In any case, I concluded that an imminent discussion of my medical credentials was likely not in my best interest. The entrance to a stairwell happened to be but a few yards to my left, and propelled now by panic, I dashed for it and ran down three flights, removing my coat as I fled, although the stethoscope was still swinging wildly from my neck like a mutant Nagasaki whip snake when I barged panting into the lobby. Miraculously, I managed to get out of the hospital before an alarm could sound.

I relate this story not to embarrass Lynda Pleet or whatever nice (and lucky) Jewish boy she may have wed in my stead, but rather to convey the state of my frustration — the depth, breadth, and length of it — on that fateful day when I ran into Susan Bush at the financial district watering hole. The fact that I answered in the affirmative when a virtual stranger, a woman to whom I’d never been introduced, proposed marriage to me is both an indication of the size of that frustration and an illustration in action of two basic philosophical principles that came to guide my life.

(1) When a situation has become too frustrating, a quandary too persistently insolvable; when dealing with the issue is generating chronic discontent, infringing on freedom, and inhibiting growth, it may be time to quit beating one’s head against the wall, reach for a big fat stick of metaphoric dynamite, light the fuse, and blast the whole unhappy business nine miles past oblivion.
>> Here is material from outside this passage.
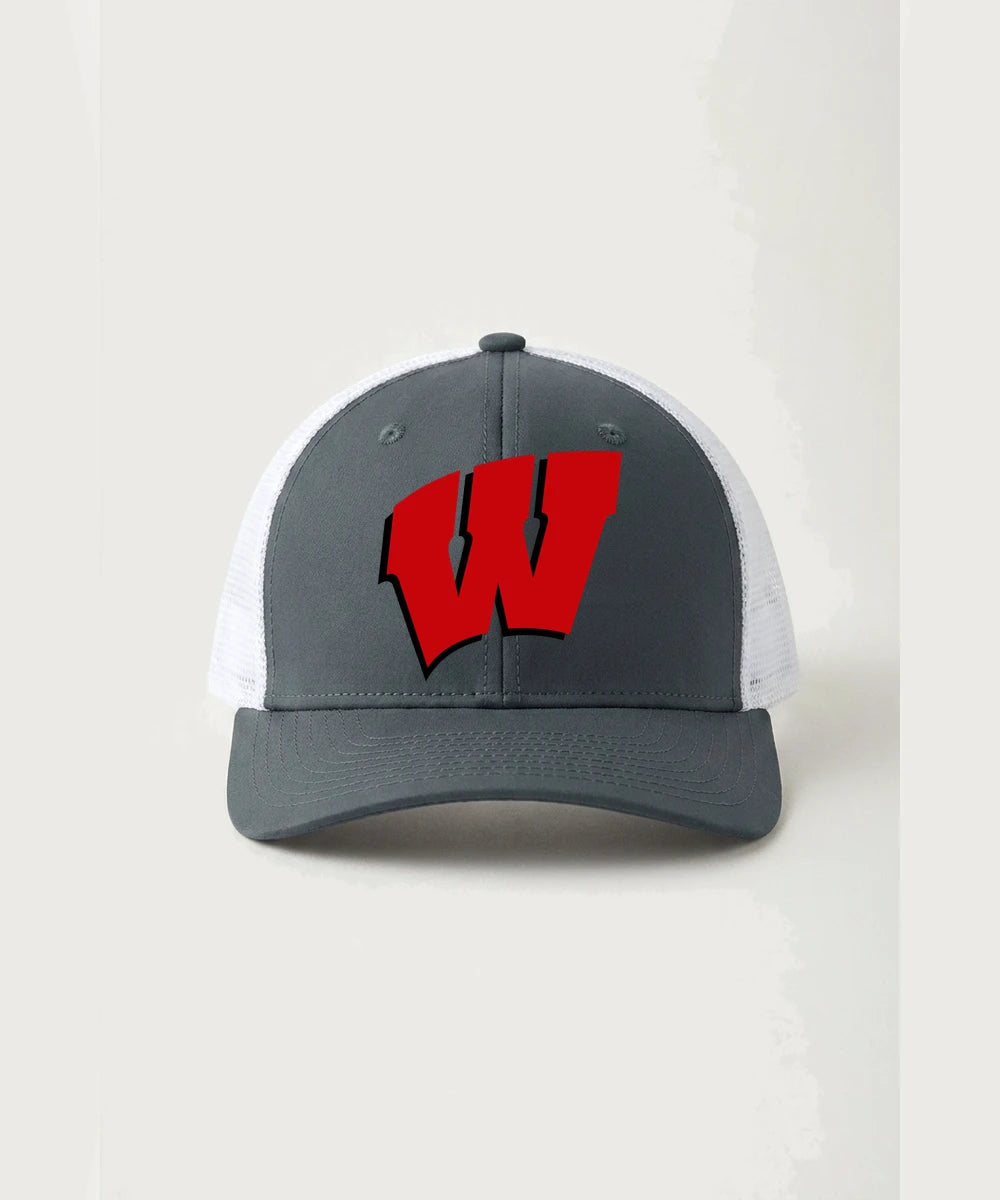 Wisconsin Lutheran High School Football (Boys) - Iron Grey/ White Sport-Tek Club Trucker Cap STC46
(2) After making an extreme effort, after pulling out all the stops, one is still unable to score Tibetan peach pie, take it as a signal to relax, grin, pick up a fork, and go for a slice of the apple.

Anyway, when the smoke cleared, when the ash settled, when the pie plate was washed and put away, Lynda seemed as relieved as I that our personal production of Romeo and Juliet had closed its run, though she might have preferred a more conventional ending (minus, of course, the double suicide).
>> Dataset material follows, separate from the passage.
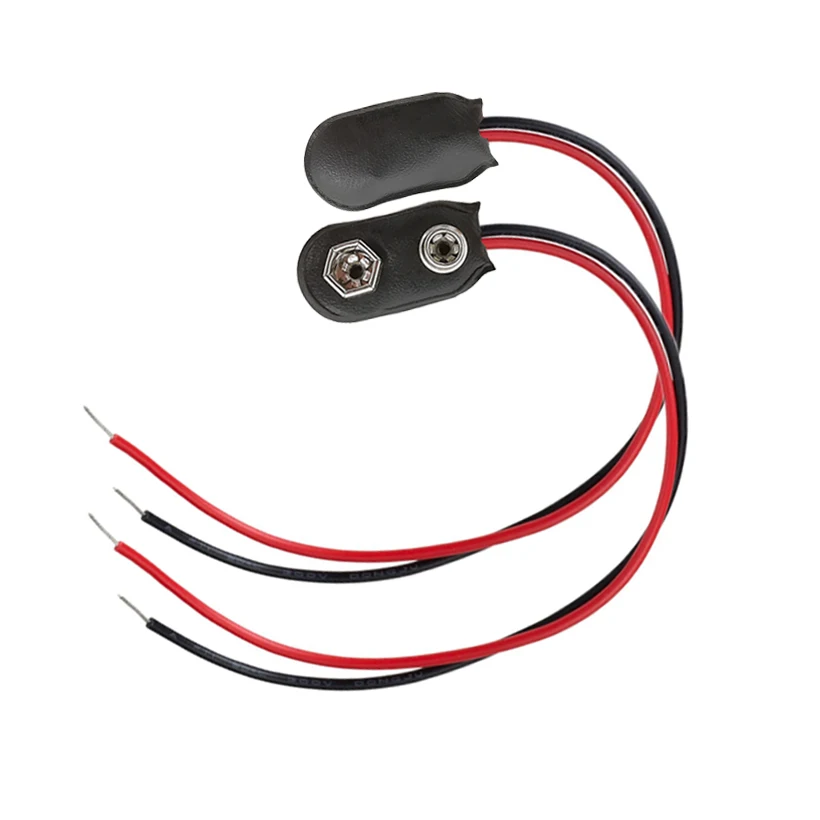 Clips de batería de 9V, conector PP3 MN1604, 9V, hebilla de Clip, tipo I, conector de Cable a presión de 15CM, 10 unids/lote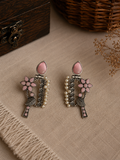 Charulata Elegant Indian Bird Pink Stone Work Pearls Beaded Dangler Earring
Returning to the matter of racism, I should confess that I have had little or no interest in race per se. My activities on behalf of civil rights were motivated less by a blanket admiration for darkly pigmented peoples than by an innate hatred of injustice. Whenever groups or individuals are subjected to hurtful unfairness, my stomach tends to roil and my blood to boil in reaction. Suffice to say there was a considerable amount of roiling and boiling going on in my corporeal being as I interacted with the South in general and Virginia in particular, 1957–1962, but it was a goofy integrationist accident rather than an overt act of protest that set into motion the events that made inevitable my departure from Richmond as the cannon boom of Civil War enactments echoed all around me.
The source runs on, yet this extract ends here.